Nancy Powell:  Where did the idea for Leaving Richard’s Valley come from?
Michael DeForge: I’d been wanting to write about a cult for a while, since I kept circling around some of those ideas but never got around to it. I’ve always been very interested in the cult leaders who aren’t scam artists or bad faith actors from the get-go — the ones who start out well-intentioned and then have things get away from them. I also knew I wanted to do something set in Toronto and write about my own changing relationship with the city.
LEAVING RICHARD'S VALLEY follows a ragtag crew of exiles from a Toronto Park utopia.
Powell:  Which cult figure provided the most inspiration for Richard?
DeForge:  There wasn’t any one figure in particular. He’s a combination of a lot of different leaders, professors, bosses, show promoters, father figures, etc.
Powell:  Why utopia in the middle of an urban park?
DeForge:  That park is a real park in Toronto, and it always seemed big enough to run a small cult out of.
Powell:  The character backstories have this kind of absurd, reality TV like component to it. So how much influence did reality TV have on this particular story?
DeForge:  None.
Powell:  Many of your previous books mix the serious with the absurd. Does this reflect your own view of life, and if so, is this contained more to your artistic output?
DeForge:  Yeah, I think it’d be hard to be alive right now and not feel as though the world was pretty absurd.
Powell:  What provoked you to replace the 2D drawings in one very small section of the graphic novel with a claymation-like representations of those characters?
DeForge:  I thought it would be a fun challenge, especially since it can get boring working one way for too long. I had it in my head that the sequence might look like an old, forgotten NFB stop-motion short or something like that. I love claymation.
Powell:  I understand that you worked as a designer on Adventure Time. How has that experience influenced your own stories?
DeForge:  I don’t know if it’s influenced my writing at all, since I didn’t do a ton of storyboarding on the show (I was mostly a designer during my time there.) It made me a lot better at drawing. The job taught me to be a much more efficient cartoonist.
Powell:  In general, when you develop a story like Leaving Richard’s Valley or Ant Colony, how long does it take you from start-to-finish?

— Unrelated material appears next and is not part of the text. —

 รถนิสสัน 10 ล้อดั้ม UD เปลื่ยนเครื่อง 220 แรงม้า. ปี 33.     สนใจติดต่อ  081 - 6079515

DeForge:  It changes from project to project, but both Ant Colony and Richard’s Valley were a year and a half each. I was posting the strips pretty much as I drew them.
Powell:  What graphic novels have you read lately?
DeForge:  This Woman’s Work by Julie Delporte, Our Wretched Town Hall by Eric Kostiuk Williams, and the Moon Trax collection of Tiger Tateishi paintings were the last three I’ve read that I’d recommend.

Powell:  Which comics creators excite you the most?
DeForge:  Eleanor Davis, Lala Albert, Noel Freibert, Tommi Parrish, Jillian Tamaki, Laura Lannes, Patrick Kyle, The Hernandez Brothers, and Sophie Yanow.
Powell:  Jack Kirby has been mentioned as a creator that you admire. If you could develop a story for one Kirby character, which would that be and why?
DeForge:  I’d probably do a very bad job of writing any sort of Kirby thing. I already think of those comics as so perfect and singular on their own. I’d have nothing of value to add!
Powell:  Any new webcomics in the works?
DeForge:  No, but hopefully next year I’ll be able to start serializing something. I really miss doing one, but I just have to wrap another longer project first. I think I could manage a weekly strip again.